And I think it's important that with all the good stuff you have to
remember that the reason you got here is all of the hard work, and all the
doubt and stuff. And there was tremendous doubt.
I mean, four weeks before we started shooting Black Swan, the money fell
apart, and I literally was going to give up except for the threat of being
beat up by Natalie Portman. So, and I was willing to give up because I
had doubts about the project, which I think that you always forget.
I don't know. Every time I go to a film, I get all the big doubts all the way up to the
beginning and then you forget those doubts. It's important to write down all that fear,
so you could remember; it's going to come up again.
And I think, if it doesn't come up, it's a bad thing.
So, I don't know. It's, the whole circuit I think has been--
the best part's been the friendships that I've had.
We were joking backstage that I could play Hooper and Hooper could play Russell,
and we could do each others lines because we have gone to, we have done a bunch
of these and we know each other's answers at this point.
So, all of us are trying to be fresh and tell new stories and--
Tom Hooper: He is just currently doing me, by the way.
(laughter) Darren: So, well that's been part is that
there has been some, I think probably lasting comradeship between the filmmakers
here, which has been a good part of it.
And I think as quick as possible, on February 28th we are all going to get
back to work, so... Peter: Charles?
Charles Ferguson: Well, I am kind of new to this.

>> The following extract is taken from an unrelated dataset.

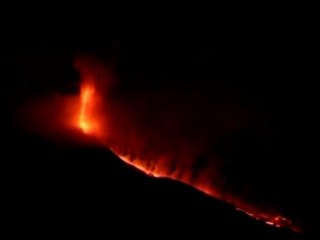 Etna spews lava into air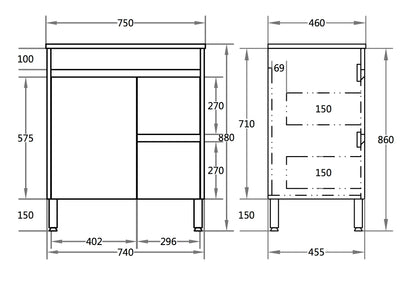 750*460*880mm White Polyurethane PVC Standard Vanity Polar P74RLG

This is only the second film I have ever made, and this is certainly the first
time I've had this incredible immersion into the anthropology of Hollywood,
which certainly is different. It's not MIT.
I've enjoyed some of it, I have to say. I've been to a couple of really nice parties
with some very, very good food. And I have met a number of wonderful and interesting
filmmakers, both feature filmmakers and the other documentary filmmakers,
who are very interesting guys. I met--not all guys, excuse me.
I recently met the two very guys who did Restrepo. And my previous film was about the occupation
of Iraq, so it was interesting to see their sense of a different war.
I have enjoyed a lot of things, but it is also true that it has been very hard
to carve out time to write and to work. I love making movies and I am very eager to--
Peter: Now I know you are thinking of doing actually a dramatic, a theatrical movie next.
Does that, do you think that's been stimulated by your proximately to infamous
characters like David O. Russell? Charles Ferguson: I, with all due respect
sir, no, I'm afraid not. I've wasted a very substantial fraction of
my life from a very early age, like seven, reading and watching thrillers, and
I love them. If I could make Chinatown or something like
that, I would be just in heaven, just in heaven.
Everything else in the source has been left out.